I wish rust the best of luck and with more people like this rust could have a brighter future.
In my programming language I wrote custom pass for inlining async function calls within other async functions. It generally works and allows to remove some boilerplate, but it increases result binary size a lot.
Technically Rust can do the same.
Examples in the blog seem too simple make any conclusions
So yes, it does really matter. Keep in mind that optimizations stack. We're preventing LLVM from doing it's thing. So if we make the futures themselves smaller, LLVM will be able to optimize more. So small changes really compound.
The risk they took was very calculated. Unfortunately they’re bad at math and chose the wrong trade-offs.
Ah well. Shit happens.
They chose the exact same tradeoffs as C++'s async/await (and the same overall model as Python/NodeJS), so I'm not sure what that says about programming as a whole.
Not to mention Tokio (most popular runtime for Rust) is multi-threaded by default. So you have to deal with multithreading bugs as well as normal async ones. That is not the case with most async languages. For example both Python and NodeJS use a single thread to execute async code.

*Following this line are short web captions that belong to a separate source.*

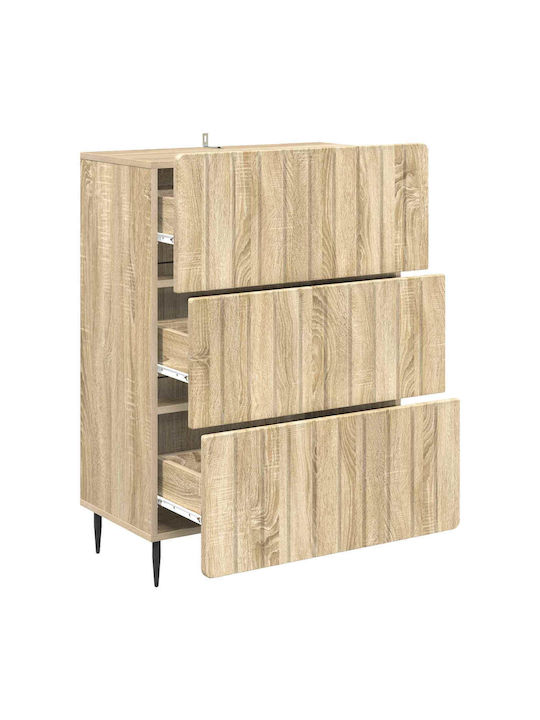 Wooden Sideboard with Drawers Sonoma Oak 66x34.5x92cm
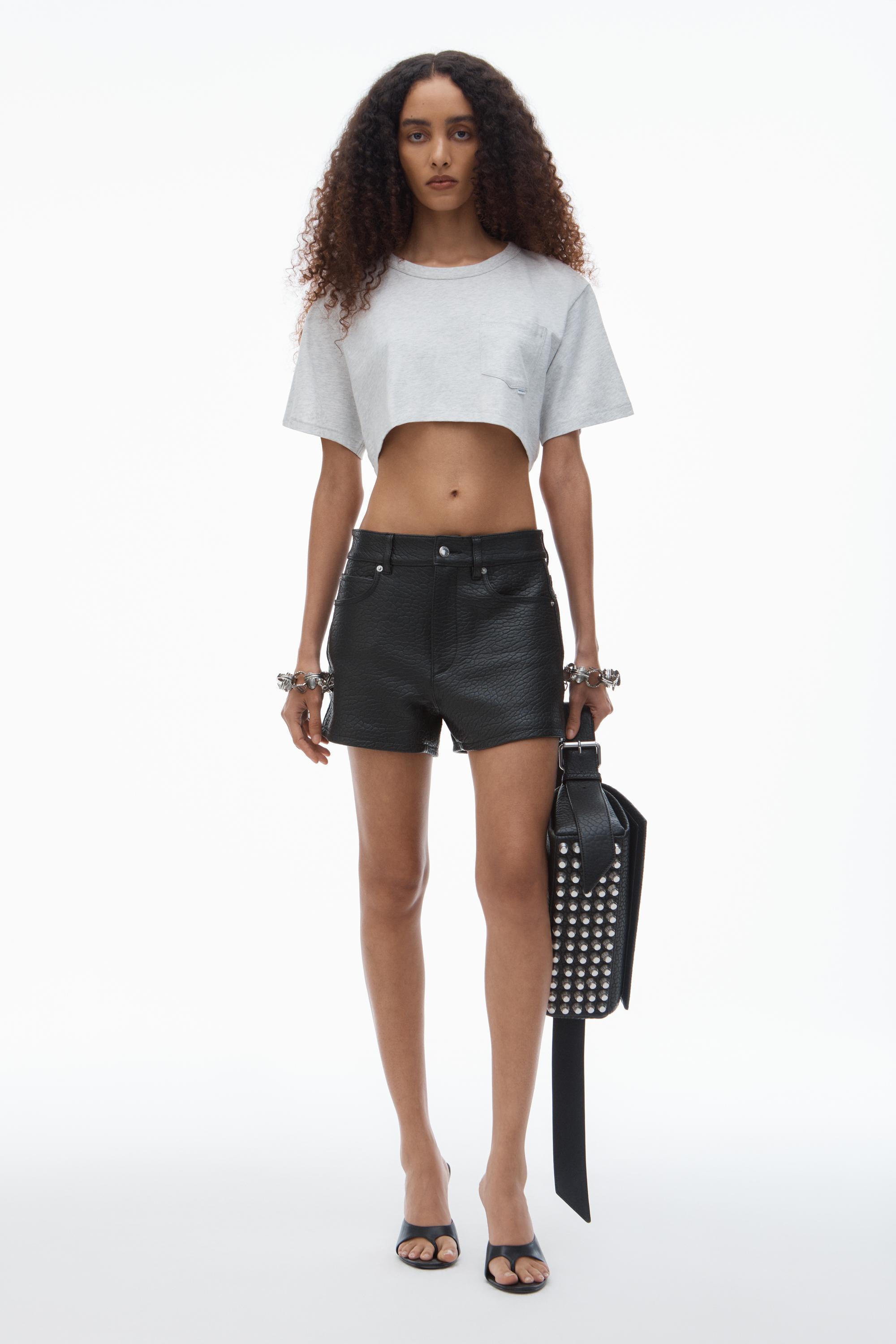 Cropped Pocket Tee In High Twist Jersey Product Image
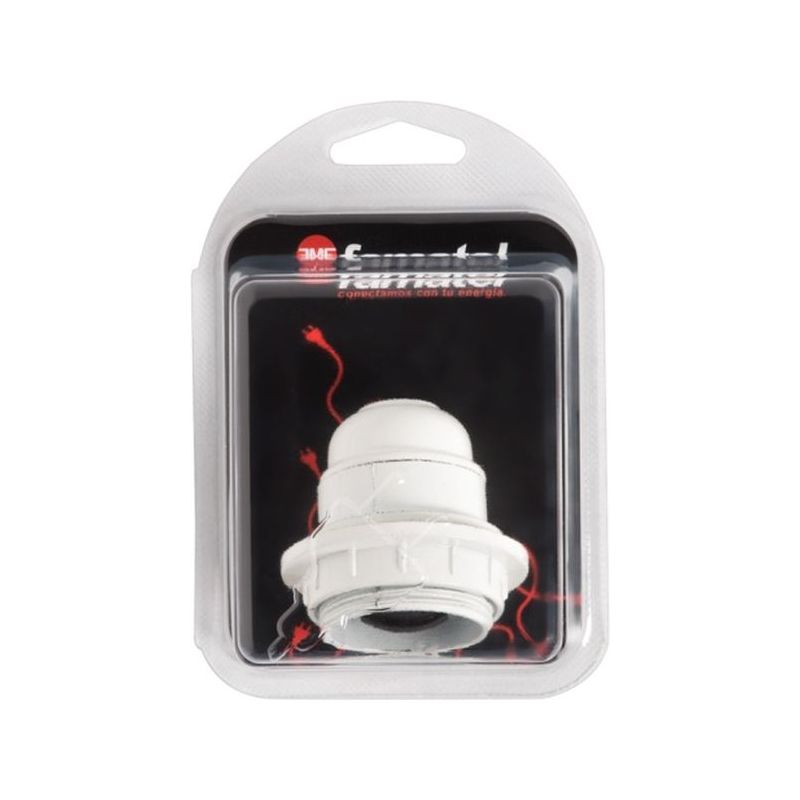 PORTALAMPARAS ELEC 100x145x65 ROSC+ARAN E27 BAQUEL BL FAMAT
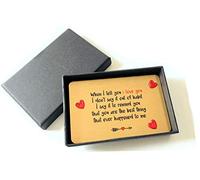 Sentimental Wallet Card Keepsake - Metal When I Tell You I Love You Boxed Gift (Brushed Gold)
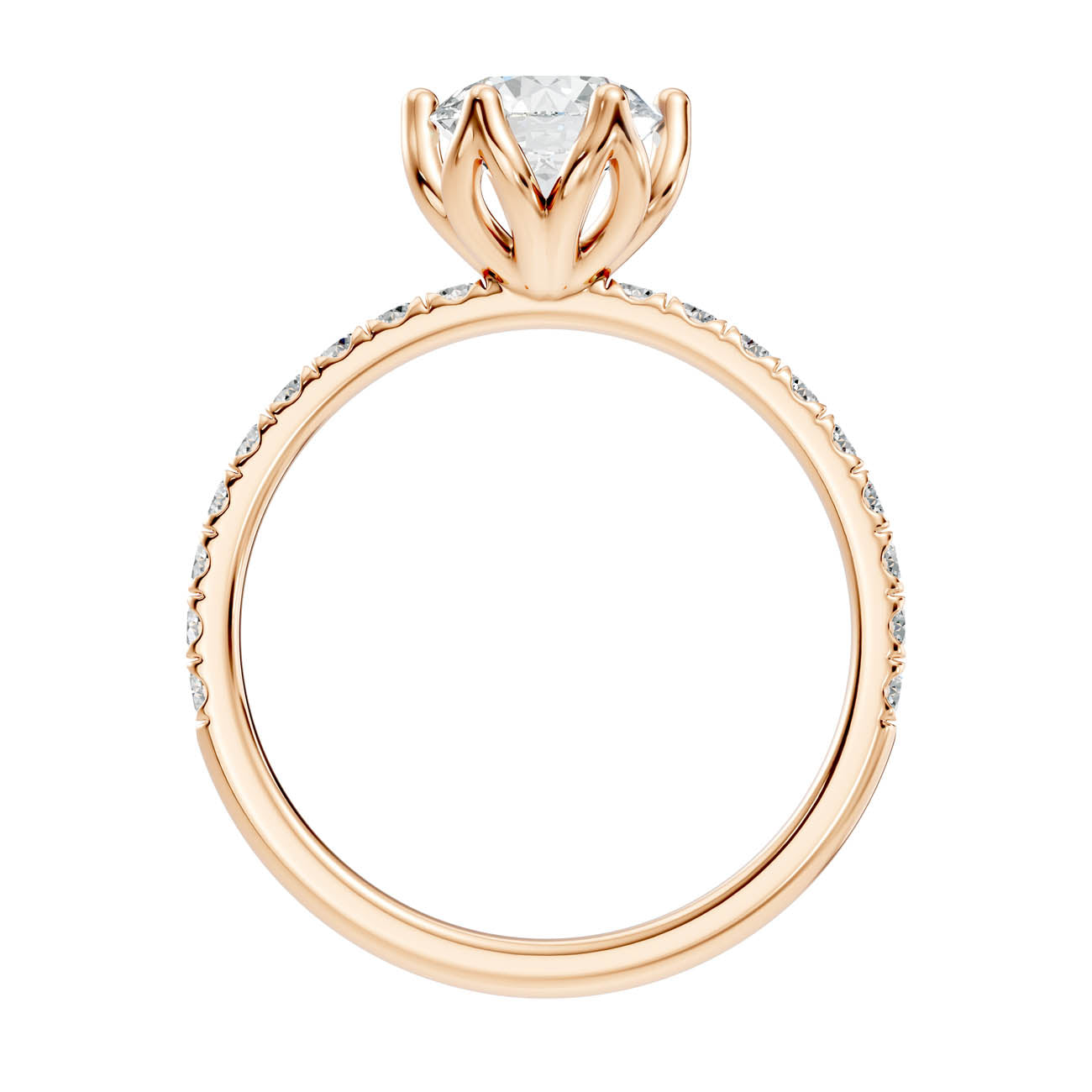 .50-1.50 Ct. Round Diamond Solitaire Ring with Pavé Band and Six-Prong Setting (ja15-a) 5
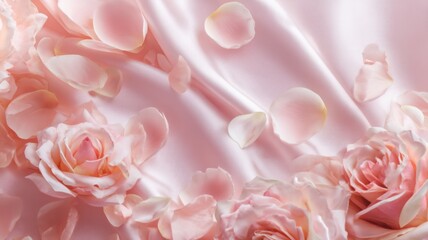 Fototapeta premium Elegant pink roses on soft fabric with petals. Artificial intelligence image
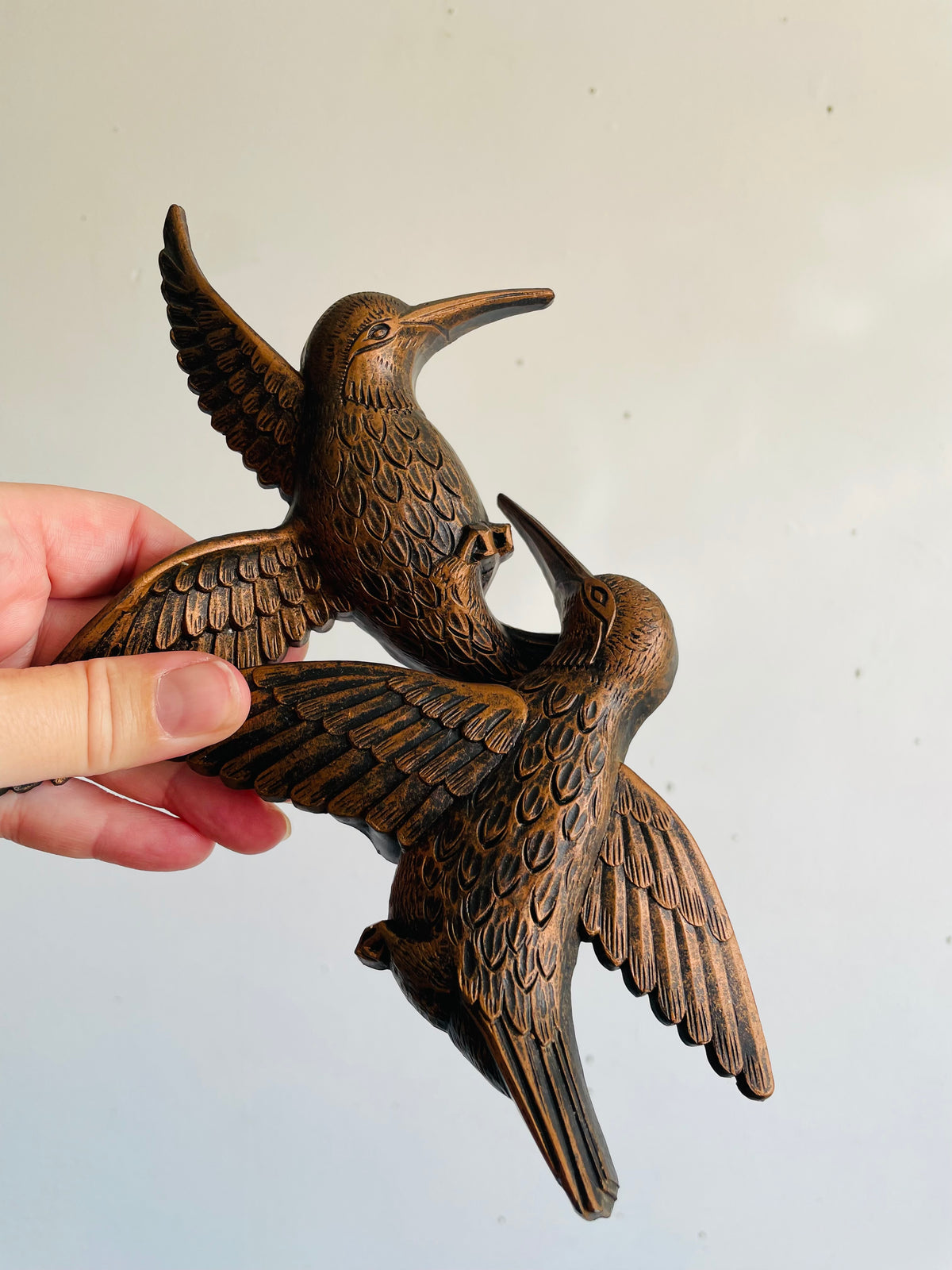 Vintage Dart Industries Wall Hanging Copper Toned Hummingbirds - Set of 2 Birds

Python still has pluggable eventloops - this is sort of mandatory to interact with weird things like GUI toolkits, and Python's standard event loop was standardised pretty late in the game. Early on there was even an ecosystem split between Twisted and competing event loops implementations.
> For example both Python and NodeJS use a single thread to execute async code
I'd argue this is more a historical artefact of how the languages functioned before futures were introduced, rather than an inherent limitation.
You could've deduced that from the fact that someone who puts this amount of energy in a detailed article about intricacies of an area of "foo", quite certainly does not "hate on foo".
The article is fine besides the bait title.
I don't know enough about the domain to be objectively helpful, so it's all wishy-washy feelings on my part. I keep reaching for orchestrating things with threads in Rust where most people would probably reach for async these days. The only language where I've felt fine embracing the blessed async system is Haskell and its green threads (which I understand come with their own host of problems).